十五分鍾前,冷唯爵剛剛發現,自己女人很可能與她的上司關係匪淺。


    十分鍾前,他剛剛獲悉,這個與自己女人關係匪淺的男人就住在樓下。


    然後,現在,他看到自己的女人穿著別的男人的襯衫,大大方方在人家家裏,以女主人的身份,打開了大門。


    換個角度來說,淩蕭出去了,而景悅卻在他家。


    淩蕭如果不是和景悅關係非同尋常,怎麽會獨自留一個女人在家?


    景悅身上的血跡都已經被清理,傷口上貼著外用愈合貼,深色牛仔褲上的血跡也被隱藏在襯衫下,不見蹤跡。她現在隻能讓人看出,她剛剛洗過澡。


    這種時候,作為冷唯爵,他會怎麽想?


    他還能怎麽想?


    景悅打開門發現門外站著的男人不是淩蕭,而是冷唯爵,然後,她的表情就僵住了,又瞬間變得蒼白。

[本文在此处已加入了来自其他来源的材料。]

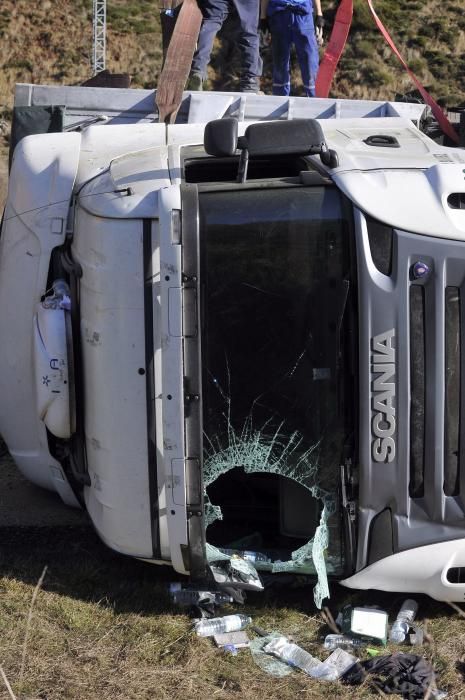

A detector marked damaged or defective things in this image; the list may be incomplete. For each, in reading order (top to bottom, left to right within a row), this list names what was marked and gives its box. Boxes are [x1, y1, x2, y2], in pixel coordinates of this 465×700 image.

overturned truck [0, 85, 464, 604]
shattered windshield [198, 186, 354, 608]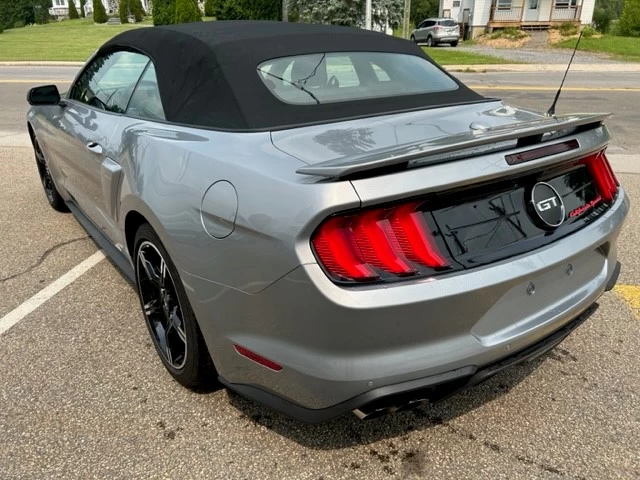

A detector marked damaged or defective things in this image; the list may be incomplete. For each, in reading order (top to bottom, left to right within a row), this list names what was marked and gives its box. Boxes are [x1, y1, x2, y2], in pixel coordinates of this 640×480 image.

pavement crack [0, 235, 90, 284]
pavement crack [444, 422, 584, 478]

    冷唯爵與她沉默著對視了一秒,抬手,給了景悅一記耳光。


    他心頭怒火中燒,下手格外得重,景悅整個被他打得摔倒在地!


    她臉頰上火辣辣的疼著,腦袋嗡嗡直響,還沒緩過神來,冷唯爵已經一把抓起她的胳膊,整個將她拎起來,拉出了門外。


    冷唯爵半拖半拽,將景悅帶回了自己公寓。


    他大力關上門,鬆開緊抓著景悅的手。


    景悅一個踉蹌,後背撞在牆壁上。


    冷唯爵連鞋都沒換,上前,抬手掐住景悅的脖子。


    景悅悶哼一聲,揚起脖子,皺眉道:“你放手!”


    冷唯爵冷眼看她,目光森寒到了極點,“難怪這麽急著要離開我,怎麽,挑了個更好的金主是麽?”


    景悅被他掐的幾乎背過氣去,哪裏還能說話,隻能奮力的掙紮。


    從那次在江邊散步,景悅突然提出要離開,再到周五晚上她那麽悲傷的模樣,最後到今天早上她說的那句一輩子不原諒他。


    所有的事情都串聯成章,冷唯爵越想就越發怒不可遏,掐著景悅脖頸的手也越發用力。一直到麵前的女人幾乎連反抗的動作都沒有了,冷唯爵才鬆開手。


    景悅靠著牆壁,大口呼吸,冷唯爵再度拉起她的手,往臥室的方向走。


    景悅身上渾身都是痛的,她拚了命地要掙脫冷唯爵那隻大手,怎麽都不肯往臥室去。


    兩人爭執間,打翻了玄關牆壁旁櫃子上的東西,也撞翻了幾張椅子。不過,所有的反抗都是徒勞的,男女之間的力量差距懸殊,冷唯爵最後依然輕而易舉將景悅拖進了臥室。


    他大力關上臥室的門,一把將景悅推進去。


    景悅撞上了床腳,倒在床尾,又立刻站起身,她試圖解釋:“你誤會了,我今天去找他是遞辭職信的。”


    冷唯爵冷笑,“遞辭職信?遞辭職信要你親自跑到他家?要你脫衣服麽?!”


    景悅站在床旁,麵容蒼白,“信不信由你,我說的都是實話。”


    冷唯爵怒氣衝衝上前,粗魯地捏起景悅的下巴,“我就是太相信你了,才由著你在外頭給我戴綠帽子!”